I’m fascinated by Sony Corp.’s Reader. It’s an electronic book, and my broker tells me that it contains 12,000 titles. He believes that this Reader will be even more popular than Apple’s iPod, which, as you know, is making a fortune. My broker believes the Reader will be Sony’s blockbuster product and wants me to buy 500 shares. He thinks Sony could trade over $100 a share in the next 12 months. Please comment.

M.R., Vancouver, Wash.

Dear M.R.:

I’m familiar with Sony Corp.’s (SNE-$47.30) Reader, and I’m absolutely, completely and without question, positively underwhelmed. At $400 (the cost of 65 paperbacks at Sam’s Club), owning this toy makes as much sense as playing Beethoven’s Fifth on a Steinway while wearing gloves.

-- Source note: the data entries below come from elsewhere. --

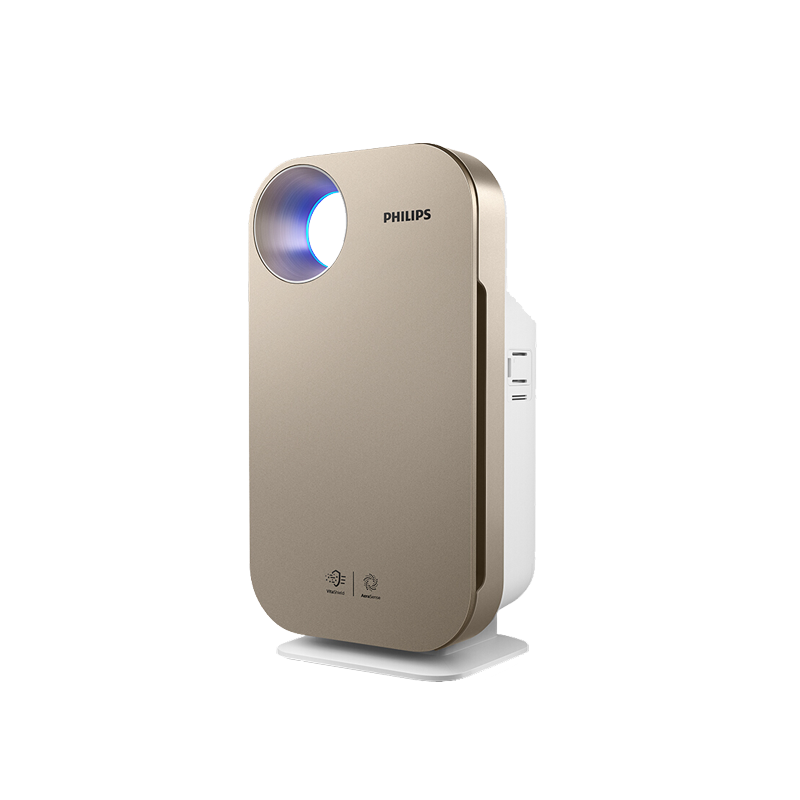 飞利浦除病毒除甲醛空气净化器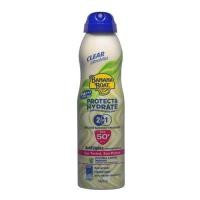 ราคา Banana Boat Clear Ultra Mist Protect & Hydrate SPF50+PA+++ 170g (บานาน่าโบ๊ท อัลตร้ามิส โพรเทค แอนด์ ไฮเดรท เอสพีเอฟ50+ พีเอ+++ 170 มล.)
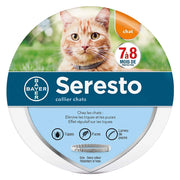 Collare antiparassitario per cani fino a 8 kg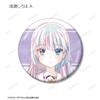 TV Anime Summer Pockets Trading ANI Art Tin Badge Box of 10 view 3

According to our “geek” client, who knows everything about tech stuff, this Reader weighs 10 ounces and tries to imitate the feel and look of a real book. However, if SNE’s management believes it can convert liquid crystals, microchips and plastics into a “real-book feel,” those boys must be functionally delusional. And though SNE’s Reader expects to offer 12,000 titles that can be loaded into one of those things, the cost per title will be precisely what you’d pay for the softcover book at Barnes & Noble or Borders.

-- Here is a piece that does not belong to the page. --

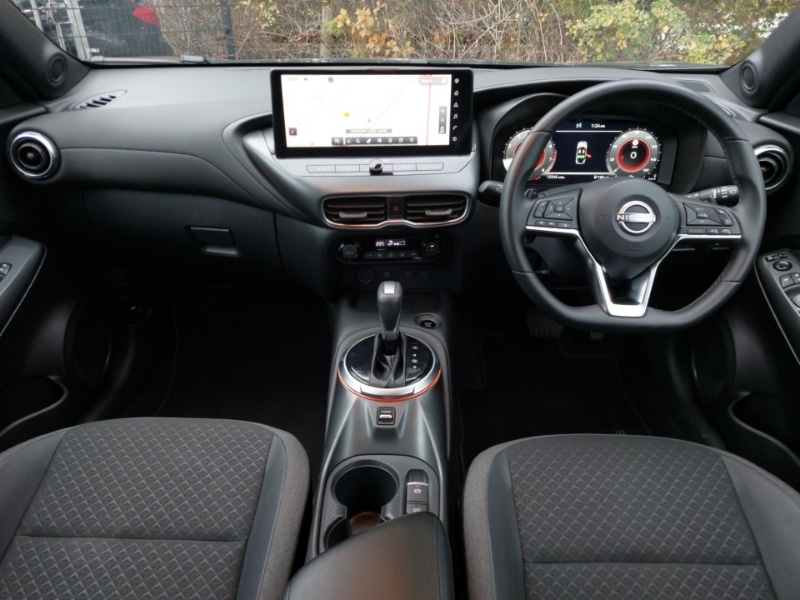 Used Nissan Juke 2025 for sale - 76839026: Photo 2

I think your broker’s bonkers. The Reader has zero chance of becoming a “blockbuster product” for the $67 billion revenue Sony. At a wholesale price of $300 (assume the markup is $100), Sony would have to sell 3.3 million of these things to gross $1 billion, which is about 1.5 percent of its expected 2006 revenues. At a net profit of $40 per Reader, SNE would earn about $132 million, which is less than 1 percent of the company’s expected 2006 earnings of $1.6 billion.

It’s a giant leap in stupidity to assume that Sony’s Reader will create a cult the way Apple’s iPod did by playing music for tune-looney teenagers. I strongly doubt there are 3 million “real readers” who would shell out $400 for this thing.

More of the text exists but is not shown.